Wa Lone, 32, and Kyaw Soe Oo, 28, are accused of breaching the Official Secrets Act, which carries a maximum penalty of 14 years in prison.
"We are deeply disappointed that the court declined to end this protracted and baseless proceeding against Wa Lone and Kyaw Soe Oo. These Reuters journalists were doing their jobs in an independent and impartial way, and there are no facts or evidence to suggest that they've done anything wrong or broken any law," Reuters president and editor-in-chief Stephen Adler said in a statement.
The pair has been held in custody since their arrest in December and are accused of being in possession of leaked sensitive material linked to a military crackdown in crisis-hit Rakhine state, home to Myanmar's minority Muslim Rohingya population.
"We did not commit any crimes,'' Wa Lone told journalists outside the courtroom after the ruling. "Today's court decision does not mean that we are guilty. We still have the right to a defense."
The reporters were meeting with two police officers they said they had never met before in northern Yangon.
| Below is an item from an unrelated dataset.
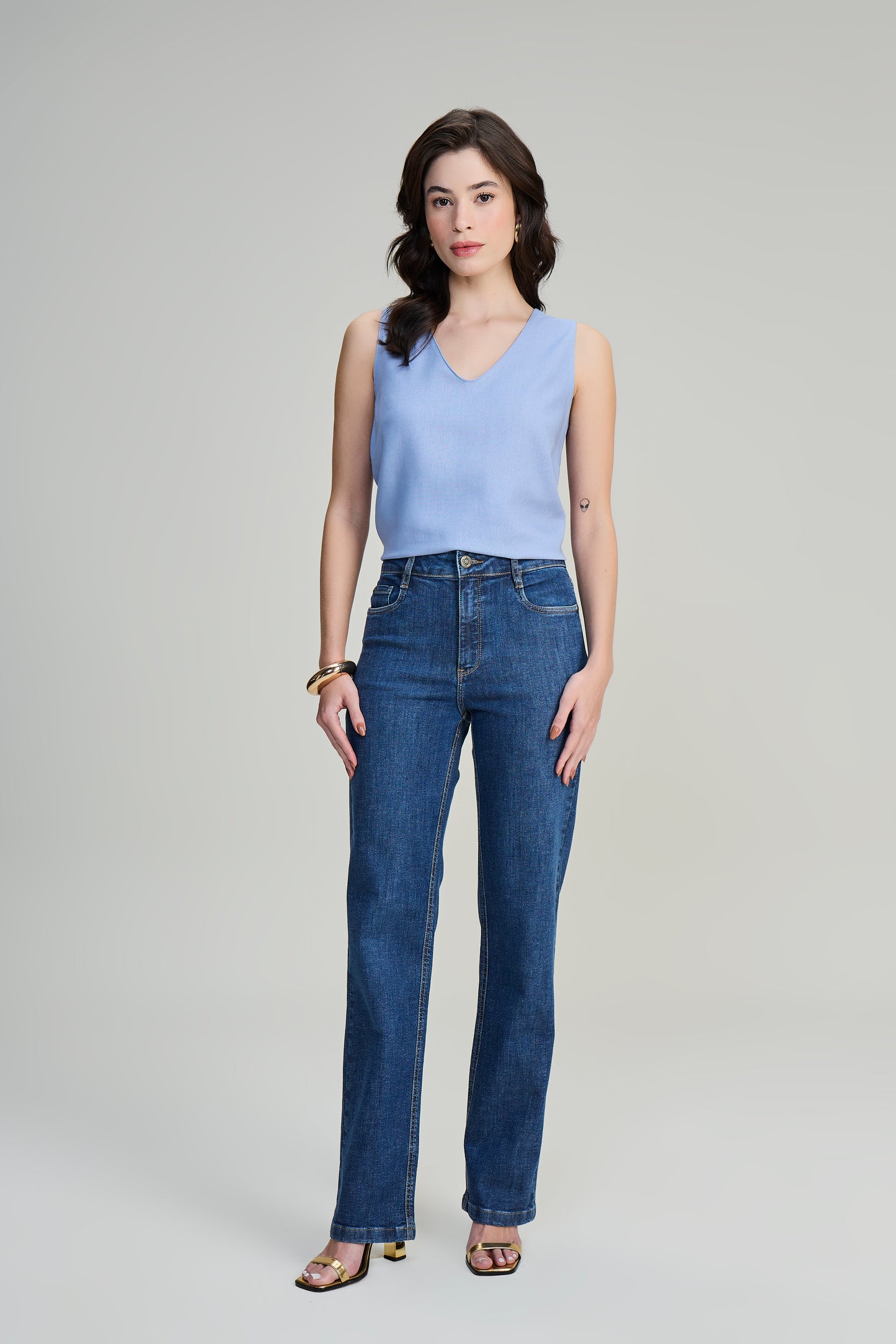 calça jeans reta cintura intermediária com bordado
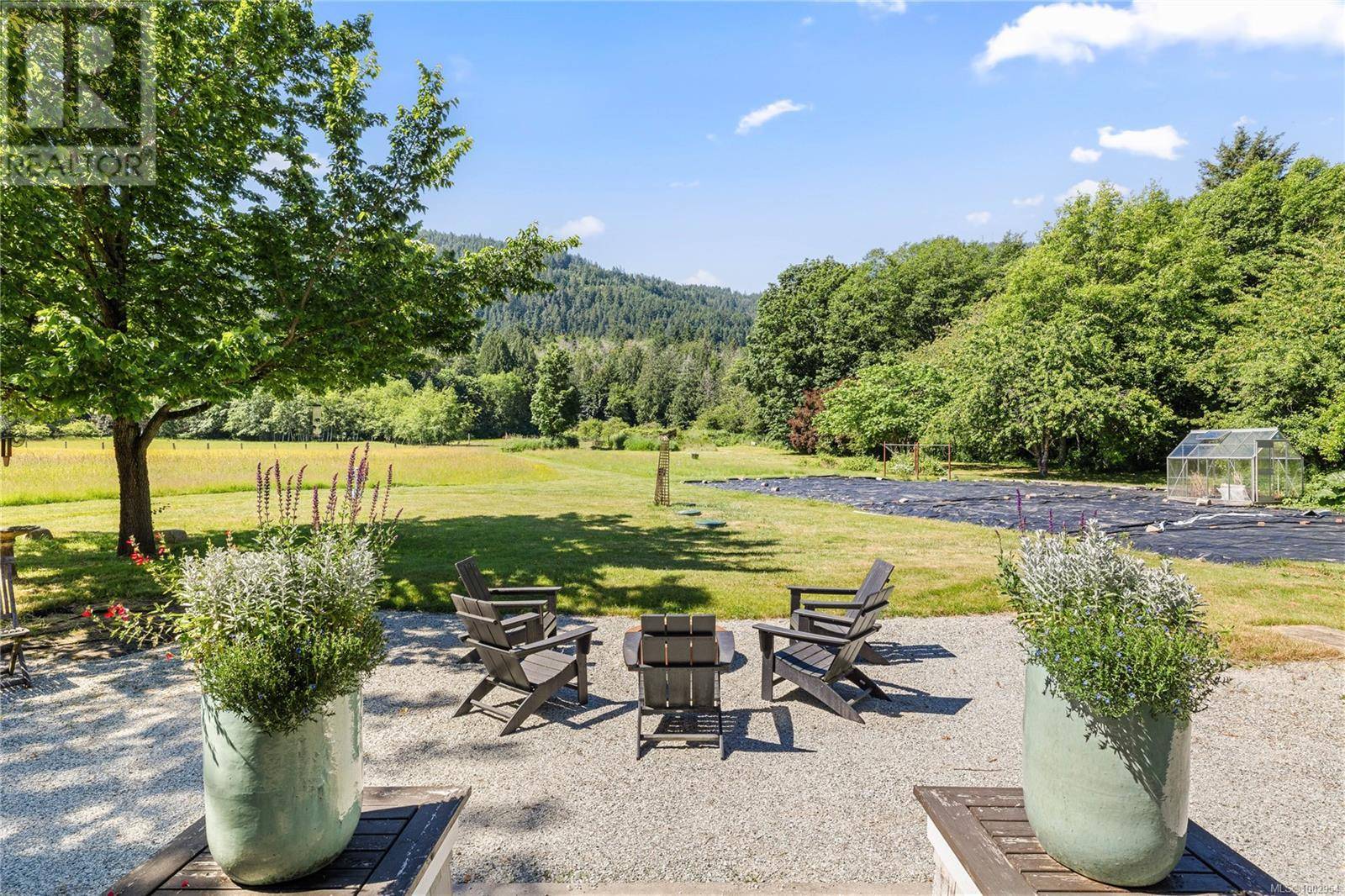 Salt Spring, BC V8K1Z4,2454 Fulford-Ganges Rd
The men later told relatives that they were handed some papers, then were arrested almost immediately.
Their detention has prompted an outcry among international human rights groups.
Adler said that Monday's court decision "casts serious doubt on Myanmar's commitment to press freedom and the rule of law."
The United Nations expressed concern at the "arrest and continued detention" of the journalists. "The secretary-general has repeatedly urged for the release of the journalists and for the authorities to respect the right to freedom of expression and information," U.N. spokesman Stephane Dujarric said.
U.S. ambassador to the U.N., Nikki Haley, called on "the Burmese government to allow these journalists to return to their families and continue their work.''
"Today's action is a clear indication of the significant backsliding on human rights we've seen in Myanmar since the 2015 election," Human Rights Watch said.
More than 700,000 Rohingya have fled Myanmar's northern Rakhine state since August, after attacks by Rohingya militants against state security forces led to military reprisals. The U.N. said the military retaliated in a well-organized, systematic and coordinated manner, a "textbook example" of ethnic cleansing.
Fleeing Rohingya have told harrowing accounts of the military burning their villages in northern Rakhine state, and of rapes, killings, looting and the laying of landmines to prevent them from returning to their homes.
A recent report by a U.N. investigator warned that Myanmar's unprecedented level of human rights violations and abuses against its people will not end without concrete action by the international community against the government and military authorities.